:: Material provided ::
*** Block opens ***

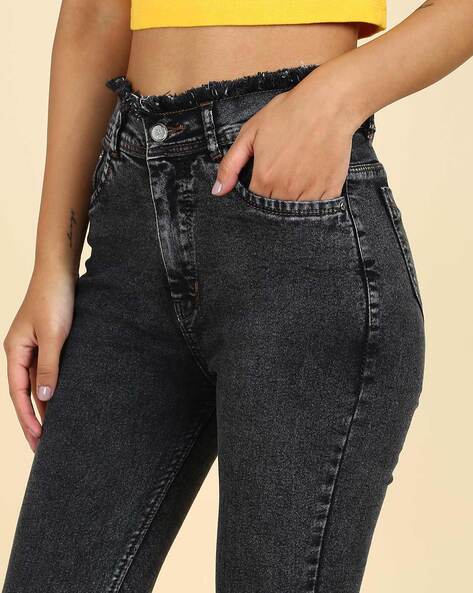 Buy Black Jeans & Jeggings for Women by GLOSSIA Online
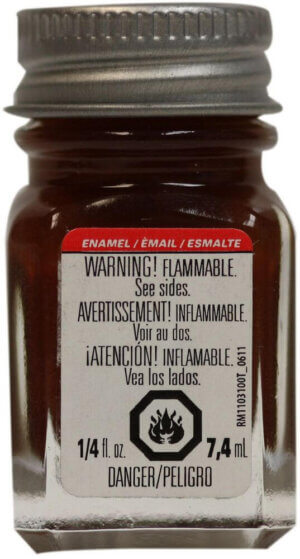 Testors Enamel Paint .25oz-Brown Gloss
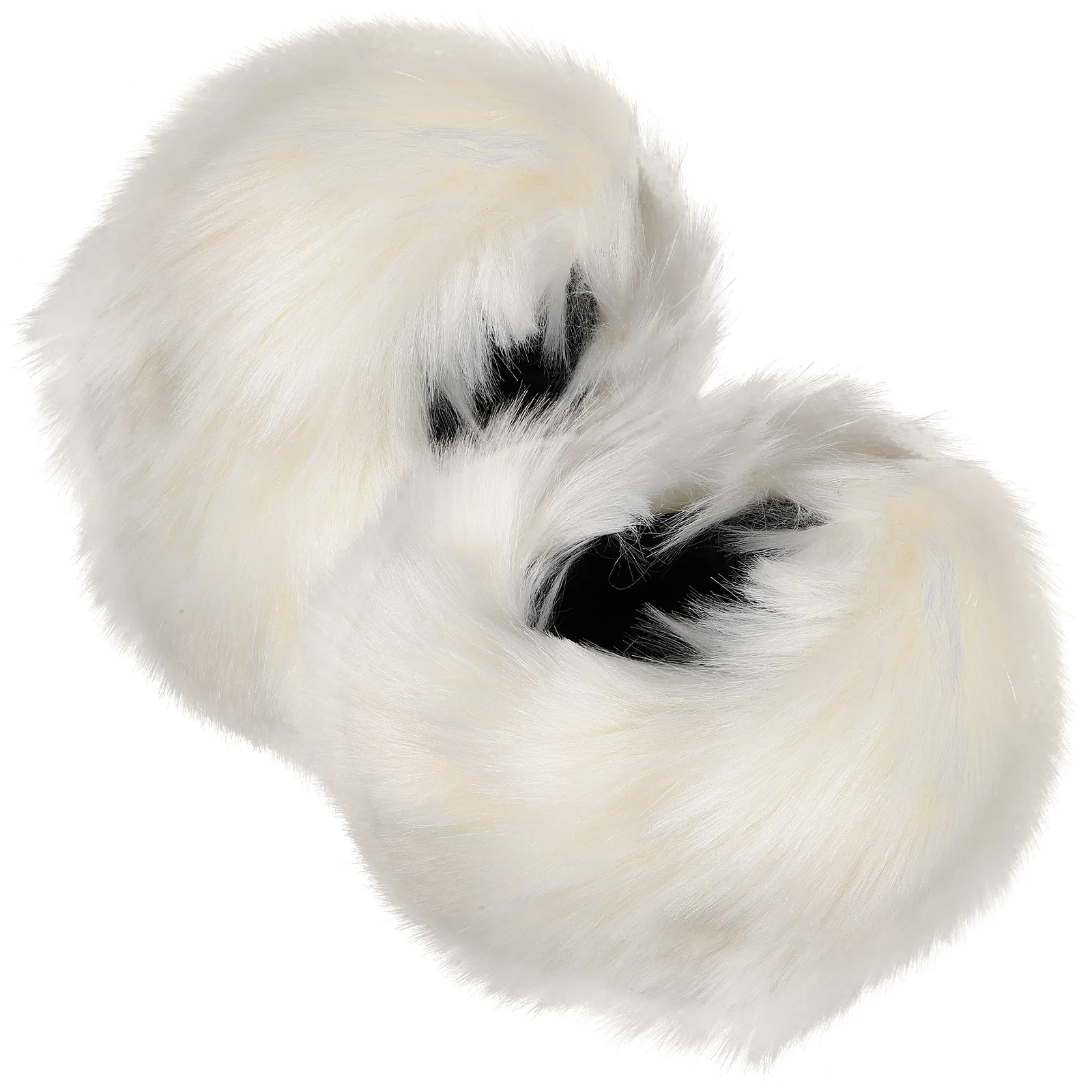 

2 Pcs Wrist Guards Warmer Furry Cuff Bands for Women Gloves Winter Fuzzy Acrylic Strap Straps Man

*** Block closes ***

:: What to work on ::
Copy every line above word for word and exclude the pictures.

:: Task response ::
 Buy Black Jeans & Jeggings for Women by GLOSSIA Online
 Testors Enamel Paint .25oz-Brown Gloss

2 Pcs Wrist Guards Warmer Furry Cuff Bands for Women Gloves Winter Fuzzy Acrylic Strap Straps Man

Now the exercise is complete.